Exercise data ::
--- START ---

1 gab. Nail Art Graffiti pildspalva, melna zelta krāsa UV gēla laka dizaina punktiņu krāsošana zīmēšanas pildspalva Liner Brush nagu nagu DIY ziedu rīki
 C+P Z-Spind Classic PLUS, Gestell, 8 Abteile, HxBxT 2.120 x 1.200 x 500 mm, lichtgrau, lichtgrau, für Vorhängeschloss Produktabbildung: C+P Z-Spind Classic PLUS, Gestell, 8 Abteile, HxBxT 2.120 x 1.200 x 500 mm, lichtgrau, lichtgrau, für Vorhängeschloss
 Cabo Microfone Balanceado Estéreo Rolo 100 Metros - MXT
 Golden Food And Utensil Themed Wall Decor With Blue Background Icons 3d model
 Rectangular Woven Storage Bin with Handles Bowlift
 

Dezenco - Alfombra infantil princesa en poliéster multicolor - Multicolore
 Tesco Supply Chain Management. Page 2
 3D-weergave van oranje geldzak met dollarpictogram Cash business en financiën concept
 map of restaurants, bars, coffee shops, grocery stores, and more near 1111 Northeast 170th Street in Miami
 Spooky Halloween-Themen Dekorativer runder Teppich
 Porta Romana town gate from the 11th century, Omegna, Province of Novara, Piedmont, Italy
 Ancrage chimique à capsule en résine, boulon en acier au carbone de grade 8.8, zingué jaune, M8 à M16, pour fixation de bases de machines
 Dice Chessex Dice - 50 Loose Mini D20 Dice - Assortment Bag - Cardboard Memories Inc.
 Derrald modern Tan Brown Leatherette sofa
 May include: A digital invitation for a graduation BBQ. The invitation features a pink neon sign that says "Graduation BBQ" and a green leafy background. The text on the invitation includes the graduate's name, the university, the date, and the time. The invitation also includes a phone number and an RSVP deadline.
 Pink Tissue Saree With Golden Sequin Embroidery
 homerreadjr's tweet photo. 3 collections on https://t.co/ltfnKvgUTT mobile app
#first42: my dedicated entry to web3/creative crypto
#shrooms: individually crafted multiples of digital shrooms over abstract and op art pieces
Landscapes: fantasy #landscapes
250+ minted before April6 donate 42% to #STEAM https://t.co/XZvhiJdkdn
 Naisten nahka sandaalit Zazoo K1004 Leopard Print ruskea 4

--- END ---

Copy only this part of the entries above: the line with "map of restaurants, bars, coffee", the line with "Porta Romana town", and the lines between, all exactly as written.

Result of the exercise ::
 map of restaurants, bars, coffee shops, grocery stores, and more near 1111 Northeast 170th Street in Miami
 Spooky Halloween-Themen Dekorativer runder Teppich
 Porta Romana town gate from the 11th century, Omegna, Province of Novara, Piedmont, Italy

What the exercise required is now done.